Background information
- Born: 13 April 1956 Xirbê Kejê, Hasakah Governorate, Syria
- Died: 4 May 2020 (aged 64) Erbil, Kurdistan Region, Iraq
- Genres: Kurdish, folk, patriotic, revolutionary
- Occupations: Singer, musician, composer
- Instrument: Tembûr
- Years active: 1969–2020

= Said Gabari =

Syrian Kurdish singer, musician and composer

Said Gabari (Kurdish: Seîd Gabarî; 13 April 1956 – 4 May 2020) was a Syrian Kurdish singer, musician and composer. He was known for performing Kurdish folk, patriotic and revolutionary songs and for setting poems by Kurdish poets such as Cigerxwîn and Seydayê Tîrêj to music. His career spanned more than five decades and was closely associated with Kurdish music and the preservation of Kurdish cultural heritage.

==Early life==
Said Gabari was born on 13 April 1956 in the village of Xirbê Kejê in the Hasakah Governorate of northeastern Syria.

According to Welat TV, Gabari's musical talent became apparent when he was about eight years old. His mother, who sang Kurdish folk songs, influenced his early interest in music, and the two memorised traditional songs together. He later met the Kurdish poets Cigerxwîn and Seydayê Tîrêj, who supported his artistic development and whose poems he subsequently performed and set to music.

In 1967, according to a later Welat TV account, Gabari taught himself to play the tembûr. He gave his first concert in 1969 and recorded his first song that same year, which was subsequently distributed widely.

==Musical career and political repression==
Gabari's repertoire included Kurdish folk songs as well as patriotic and revolutionary songs. His work was closely connected with Kurdish cultural and political themes. Welat TV reported that he performed national, folk and popular songs in Qamishli and Amuda during the early years of his career.

In 1970, Gabari was arrested during a concert in Qamishli for singing revolutionary songs. According to accounts by Kurdistan24 and Welat TV, he was tortured following his arrest. He continued to perform Kurdish songs despite political repression.

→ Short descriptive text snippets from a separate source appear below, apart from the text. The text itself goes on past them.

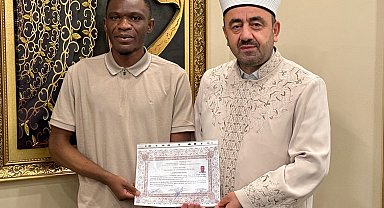Kayseri'ye üniversite eğitimi için gelen Zambiyalı Dominic Müslüman oldu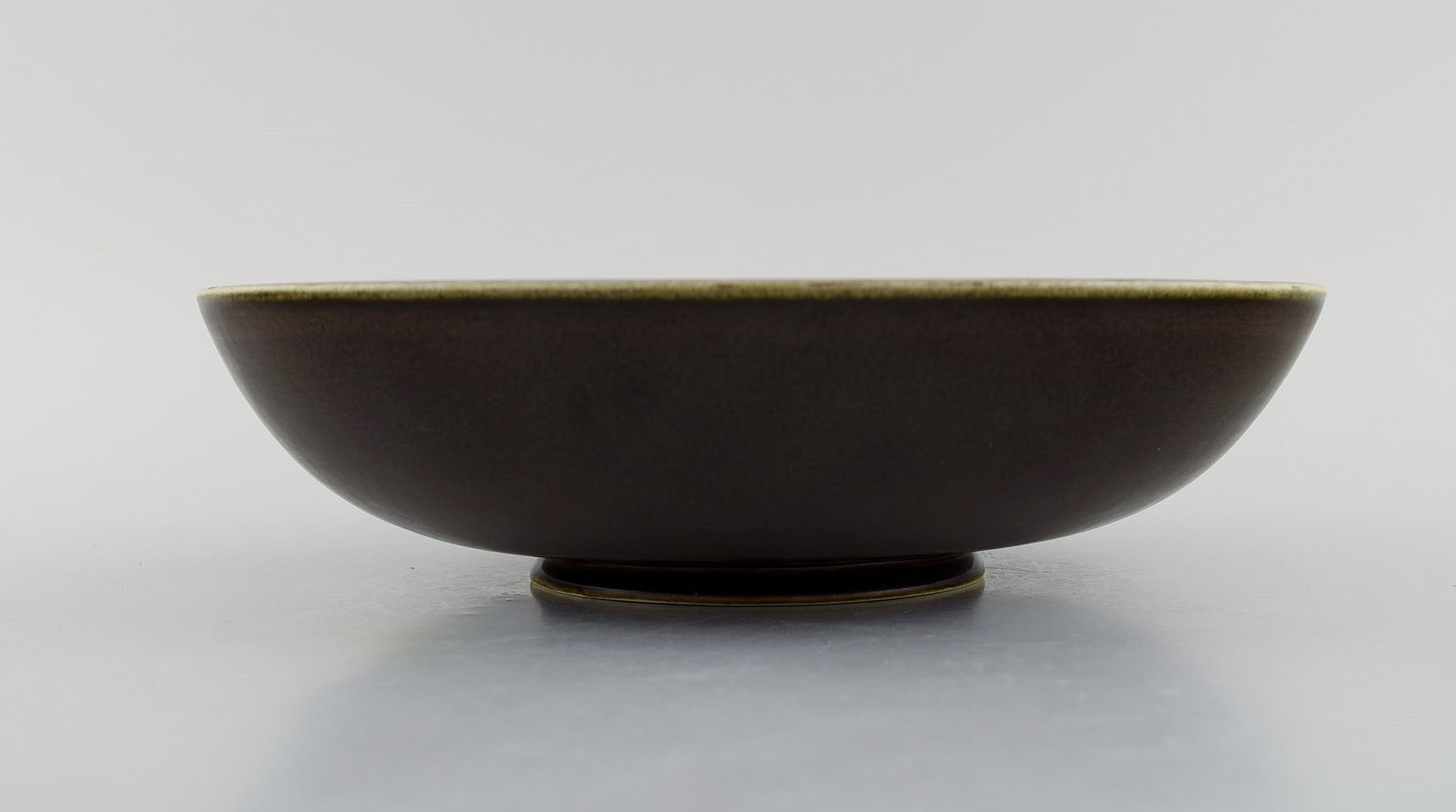 Round Rorstrand bowl in glazed ceramics. Beautiful glaze in brown shades. Mid-20th century. - 3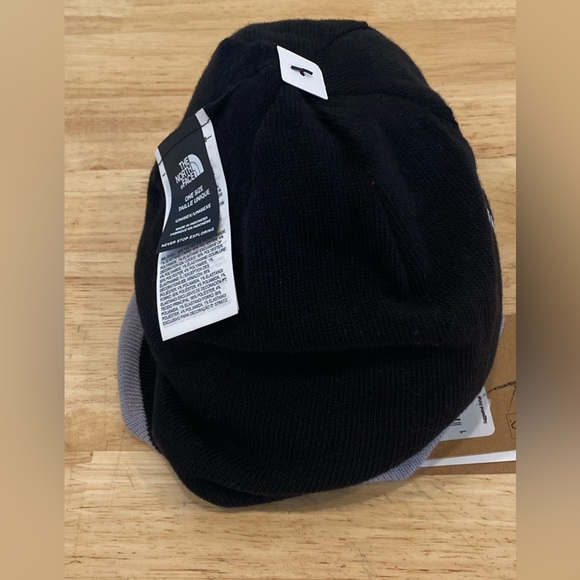 THE NORTH FACE Reversible Highline Beanie Hat Cap OS Light Grey NWT perfect - Picture 8 of 8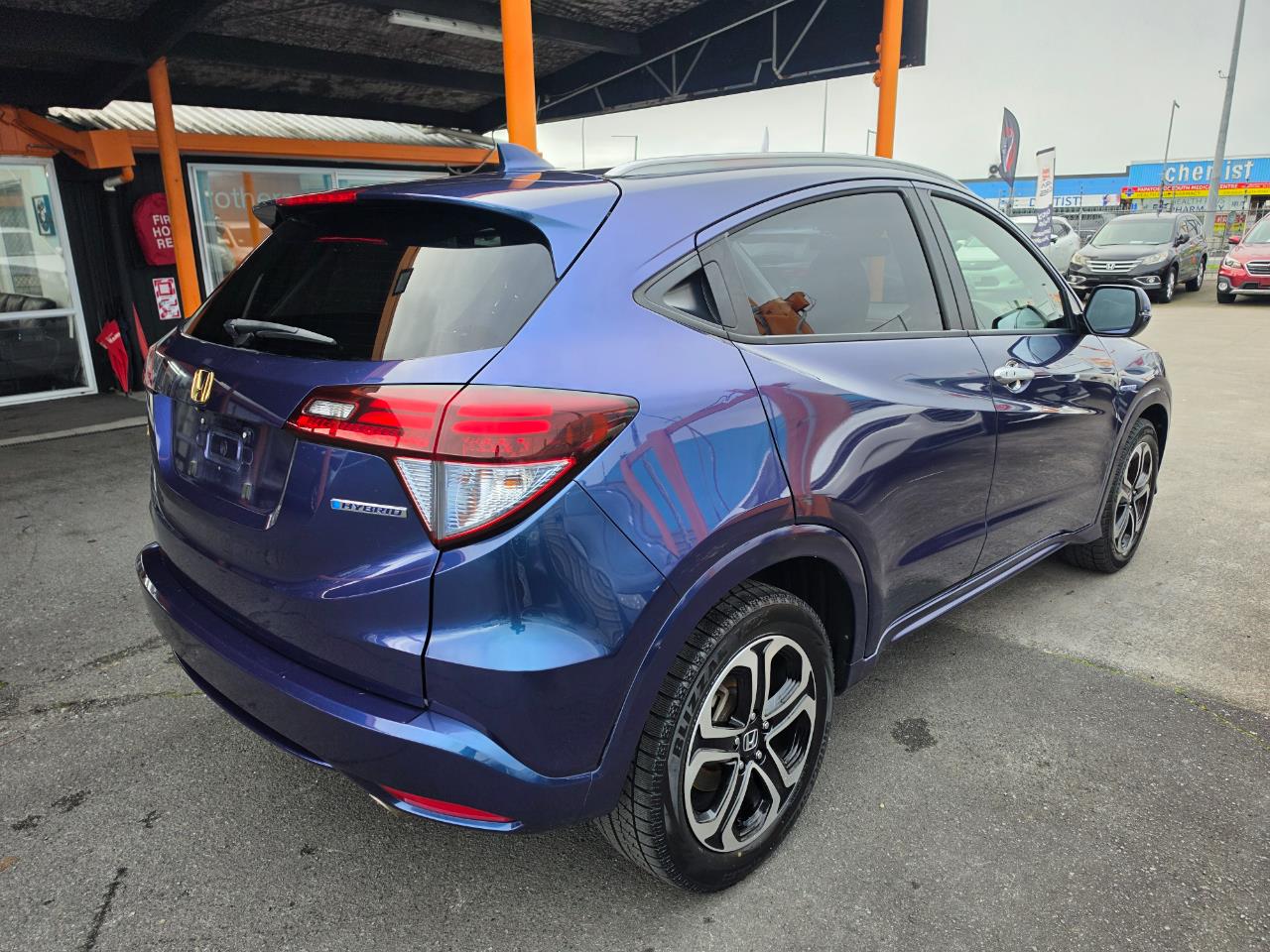 2014 Honda Vezel Hybrid Carousel 9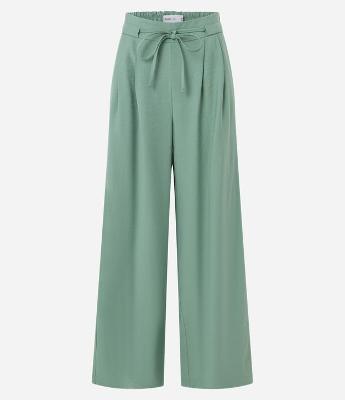 Calça Wide Leg Alfaiatada com Cintinho Embutido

Kurdistan24 reported that Gabari spent years in prisons in different parts of the Kurdish region. In a 2015 interview with The Christian Science Monitor, he was described as a "Peshmerga bard" and spoke about his experiences of imprisonment and his musical activities.

Gabari was also involved with the Peshmerga. Later accounts by Welat TV describe him as participating in the May Revolution and working with Peshmerga media, as well as taking part in political and educational activities.

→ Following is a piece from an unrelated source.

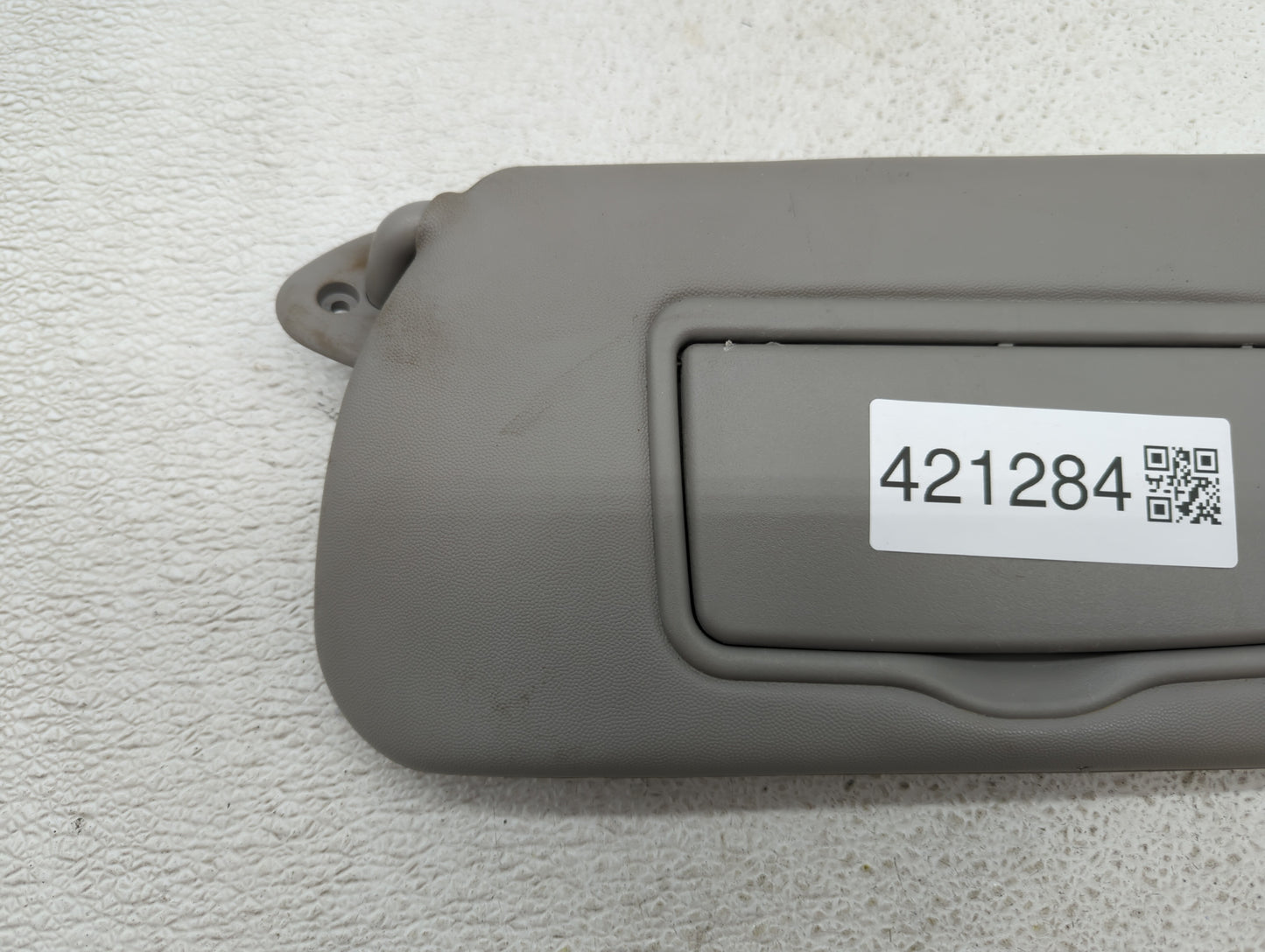 2004-2009 Cadillac Srx Sun Visor Shade Replacement Driver Left Mirror Fits Fits 2004 2005 2006 2007 2008 2009 OEM Used Auto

During his life, Gabari lived in Syria, the Kurdistan Region of Iraq, Iran and Germany. He later settled in the Kurdistan Region.

==Musical works==
One of Gabari's best-known songs was "Ey Bilbilê Dilşadî", based on a poem by Seydayê Tîrêj. Welat TV described the song as one of his most recognised works.

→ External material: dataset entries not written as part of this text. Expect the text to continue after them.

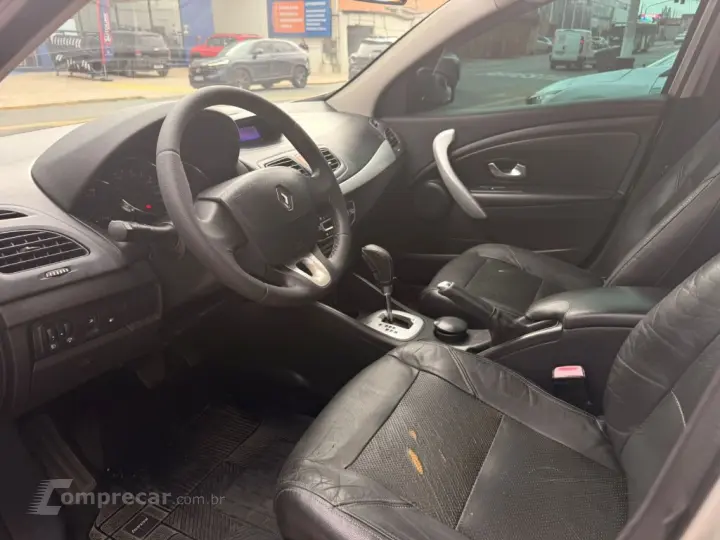 FLUENCE Sed. Dynamique 2.0 16V FLEX Aut.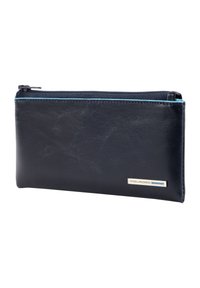 Portafoglio in pelle blu navy con texture liscia, chiusura con zip, interno blu chiaro a contrasto e placchetta con logo in argento.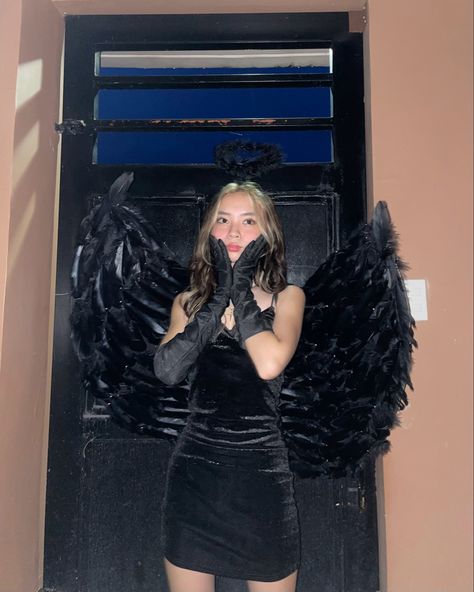 Halloween 2022, dark angel Dark Carnival Aesthetic Outfits, Dark Angel Aesthetic Costume, Black Angels Costume, Dark Angel Costume Makeup, Dark Fairy Costume Halloween, Dark Angel Costume Halloween, Black Devil Costume, Dark Angel Halloween, Dark Angel Makeup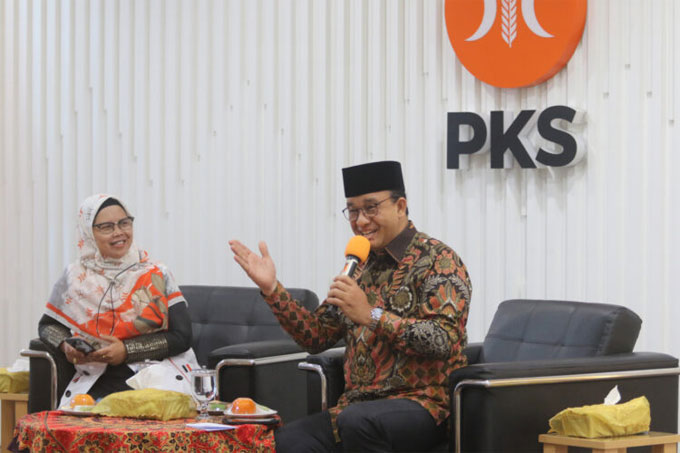 Anies Baswedan (kanan) menjadi pembicara saat acara &rsquo;Pelatihan Relawan Advokasi PPKS (Pemerlu Pelayanan Kesejahteraan Sosial) di Kantor DPP PKS, TB Simatupang, Jakarta, Ahad (30/10/2022). Selain mengisi materi Anies Baswedan juga berdiskusi dengan p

Gabari's music has also been preserved in digital music catalogues. Apple Music lists the album Êşa Gel, released in 1995 by Ses Media. The album contains ten tracks.

==Albums==
- Êşa Gel, Ses Media, 1995.

===Êşa Gel===
The album Êşa Gel contains ten songs and was released in 1995 by Ses Media.

1. Dersim
2. Dîlber
3. Gel Namire
4. Du Şivana
5. Derdê Gelê Min Dijwar E
6. Disa Gelê Min Êşîya
7. Torîn
8. Li Yarê Ra
9. Payîzok
10. Lo Li Pismamo

The track listing is documented by Spotify and Apple Music. Spotify lists Êşa Gel as a 1995 album by Said Gabari and identifies all ten tracks.

Among the album's better-known songs are Dîlber, Gel Namire, Derdê Gelê Min Dijwar E, Du Şivana, Torîn, Li Yarê Ra, Payîzok and Lo Li Pismamo.

==Death==
In March 2020, Gabari travelled from Germany to the Kurdistan Region of Iraq. After completing a period of quarantine during the COVID-19 pandemic, his health deteriorated and he was admitted to a hospital in Erbil.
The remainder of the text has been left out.